Dernek Başkanı Yılmaz Bora, yaptığı yazılı açıklamada,   Cenevre konferansı öncesinde  Rumlar ve  Yunanların yine gerçeklere aykırı beyanlarını sıklaştırdıklarını ve “içeriden  elde ettikleri gafilleri kullanarak lehlerine bir ortam yaratmak için  çaba harcadıklarını” iddia etti.

Bora, Kıbrıs’ta iki ayrı egemen devletin varlığının esas alınmasına  karşı çıkanların,  kendi çıkarlarını düşündüklerini veya kötü niyetli olduklarını öne sürdü.
 
Bora,  Kıbrıs’ta meydana gelen sıkıntı ve sorunların yaratıcısı Yunanistan ile Kıbrıs Rumları olmasına rağmen hep masum ve haklı rolünü ürettikleri yalanlar ve entrikalarla başarılı bir şekilde yürütmekte olduklarını ifade etti.

Bora,  1955’lerde EOKA tedhiş örgütünün açık silahlı eylemleri ile başlayan süreç ve onu takip eden gelişmeler dikkate alındığında karşı tarafın hep Enosis peşinde koştuğunu kaydetti.

Bora,  Cenevre’de 28 Haziran’da yapılması tasarlanan görüşmelere gitmeden önce Rumlar ile Yunanların ortaya koydukları görüşlere bakıldığında aynı zihniyetin devam ettiğinin  görüldüğünü belirtti.
 
21Aralık 1963’ten itibaren Kıbrıs’ta iki ayrı halktan iki ayrı idare oluştuğunu vurgulayan Bora, 1977 ve 1979 Doruk Antlaşmaları ile iki bölgelilik  ve  iki ayrı  otonom idarenin  varlığının  teyit ve kabul edildiğini ifade etti.

Bora, “Özel mülkiyet, dört özgürlük ve serbest dolaşım hakkı ileri sürülerek ve nüfus oranı dört Rum’a karşı Bir Türk ile sabit tutularak, Kıbrıs’ın gerçekleri ile bağdaşmayan tezlerle kalıcı ve yaşayabilir bir çözüme ulaşılamayacağı gibi aynı isteklerde ısrar edilirse bir çözüme ulaşılamayacağı aşikardır” dedi.

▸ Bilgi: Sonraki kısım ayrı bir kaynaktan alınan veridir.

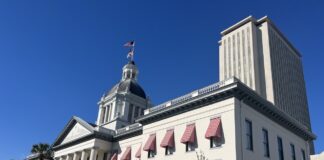 a large building with a flag on top of it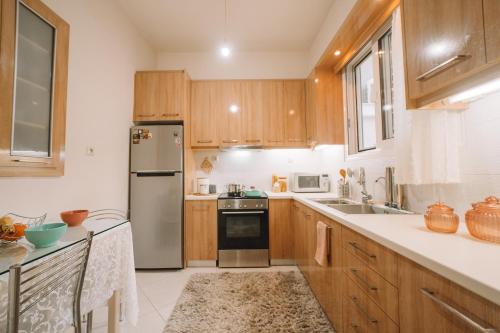 a kitchen with wooden cabinets and a stainless steel refrigerator at Debbie's House in Kalamata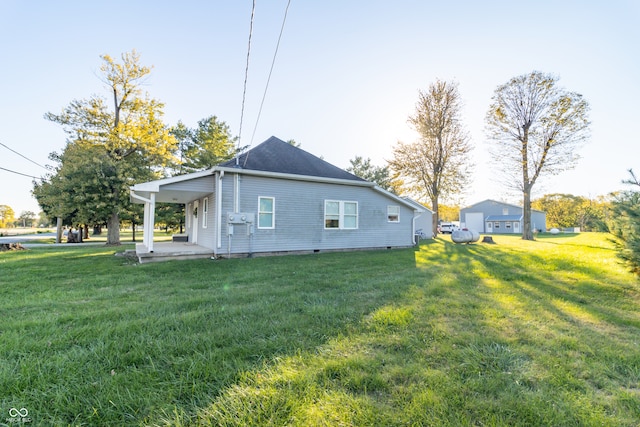 view of side of home featuring a yard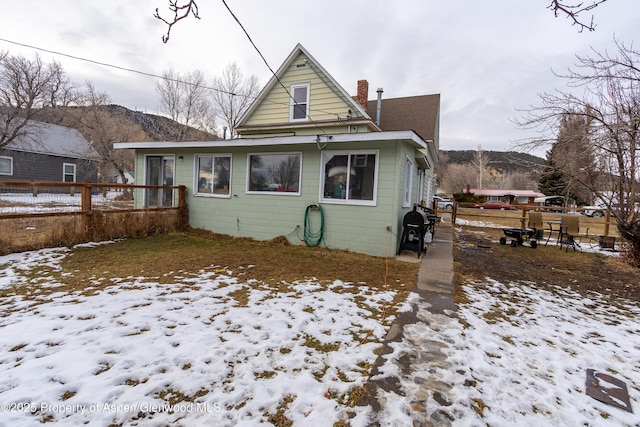 view of snow covered property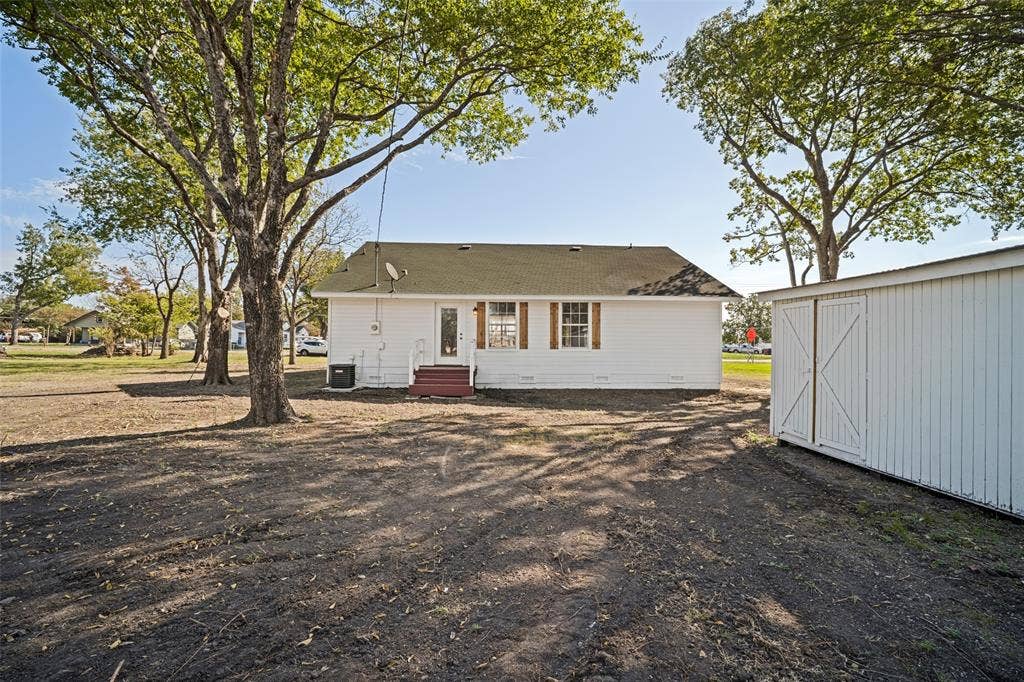 415 S Bell Street, Royse City, TX 75189 White exterior siding, shingle roofing, wooden window shutters, and a detached storage structure on a spacious lot with mature trees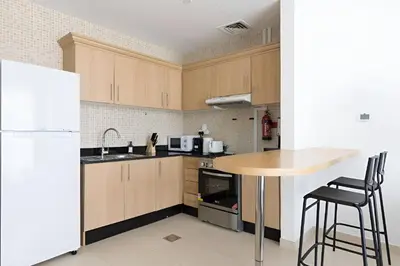 a kitchen with wooden cabinets and a table and a refrigerator at SkylineOasis1BR apt with BurjKhalifa & CanalView in Dubai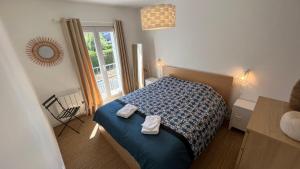 een slaapkamer met een bed met twee handdoeken erop bij Côté lac in Gérardmer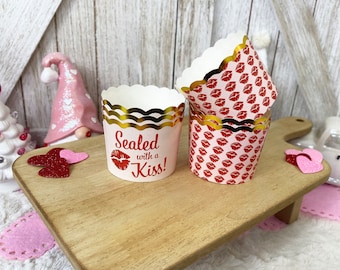 May include: Set of four cupcake liners with a scalloped edge and gold trim. The liners are white with a red lip print and one liner has the text "Sealed with a Kiss!" in red and gold.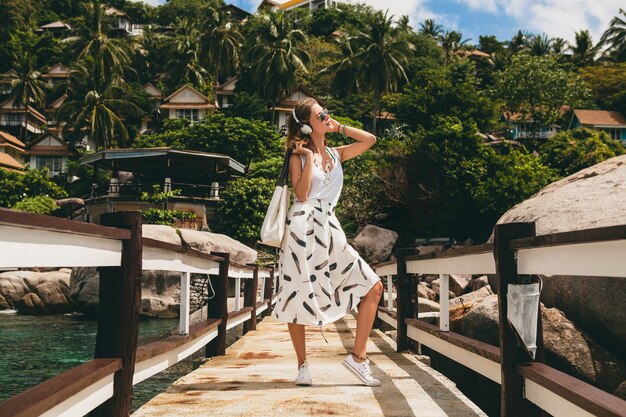 Mujer con estilo joven de pie en el muelle, caminar, escuchar música en auriculares, ropa de verano, falda blanca, bolso, agua azul, fondo de paisaje, laguna tropical, vacaciones, viajar en asia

Bora, toprak ve mülkiyetin toplu takas ve tazminatlarla hallinin  öngörüldüğüne işaret ederek,  bir uzmanın tespitlerine göre Kıbrıs’ın yüzde 33’ünün tapulu Türk malı olduğunu, Vakıf mallarının Rumlara nasıl geçtiğinin de herkes tarafından bilinmekte olduğunu kaydetti.